Sometime last summer, a group of my coworkers and I were out barhopping. We found ourselves at a country bar and were having a really good time. At one point a coworker of mine asked to dance. I can’t remember the song, but it was one that you’d swing dance to. I politely declined, explaining to her that I didn’t know how to swing.
In short, I lied.
Back in college, the fall of 1994 to be exact, one of my roommates was off on a co-op work assignment. I was very good friends with his girlfriend, Monica. She was intelligent, sweet, funny, and beautiful. We spent a lot of time together, and of course, I enjoyed every minute of it.
Monica lived in a less-than-savory neighborhood and was justifiably afraid to be home alone. Consequently, I found myself spending almost every night at her house. We would watch movies, play games, and talk for hours on end. One Friday night we picked up a twelve pack of Icehouse and imbibed as we listened to the local country music station. I think we were about halfway through the beer when Alan Jackson’s Chattahoochee began playing.
“Let’s dance!” Monica squealed as she tried pulling me off the couch.
I informed her that I didn’t know how to swing, but she just smiled and said, “It’s easy, I’ll show you!”
We somehow managed to get through the song and it was decided that I needed more practice. Monica pulled out A Lot About Livin’ and a Little ‘Bout Love and put Chattahoochee on repeat. The next hour or so melted into a wonderful daze of stumbling, laughing, and learning. When we got tired of dancing we sat in her backyard and talked until the sun came up. Afterward, we lay on her bed and she fell asleep in my arms. For the first time in my life, I genuinely fell in love.
Time, as it must, marched on. Monica and my roommate broke up, but much to his dismay, she and I remained very close friends. I loved her more and more every time we saw each other, and although my heart ached, I never said a word. Her friendship meant far too much for me to jeopardize by trying to become her lover. Sadly, once college was finished and I was forced to take residence in the real world, we fell out of touch. However, she still holds a special place in my heart, and to this day I will not swing to a country song, for fear of diluting the memory of that perfect night.

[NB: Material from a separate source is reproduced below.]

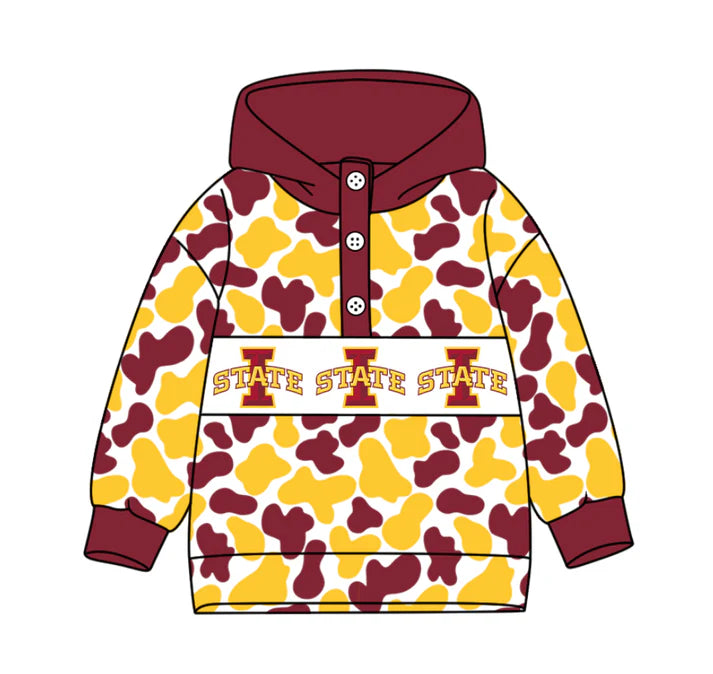 Preorder(moq 5)Baby Boys Red Yellow Camo State Team Button Hoodies Top 10.11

A couple of weeks ago I was out with friends when I spotted a familiar face in the crowd. I walked over and Monica flashed the most amazing smile as she threw her arms around me. We both ignored our friends and snuck away to a private table. We drank and talked for quite some time. She spoke of her husband and daughter while I mentioned the night she taught me to swing. She laughed and said that it was one of her fondest memories. Suddenly, all of my old feelings for her flooded my head, and since I was well on my way to being drunk, I just blurted everything out… How I fell in love that night and why I never told her. What happened next was completely unexpected and will haunt me forever.
A most pained expression fell upon her and tears started streaming down her face. In a voice barely audible over the crowd, she said, “I wish you had told me.” I had no words to offer her as I wept openly. I was in complete agony with the revelation that my life could be very different right now. We parted ways awkwardly, and although we exchanged emails and promised to keep in touch, I doubt I’ll hear from her again.
Last summer, my best friend introduced me to one of his coworkers, Tanya. She is intelligent, sweet, funny, and beautiful. We’ve become very good friends and spend a lot of time together. For the second time in my life, I’ve fallen in love.
We made plans to go out dancing on Thursday and if Tanya asks me to dance while a swing is playing, I’ll say yes.
And this time I’m gonna say how I feel before it’s too late.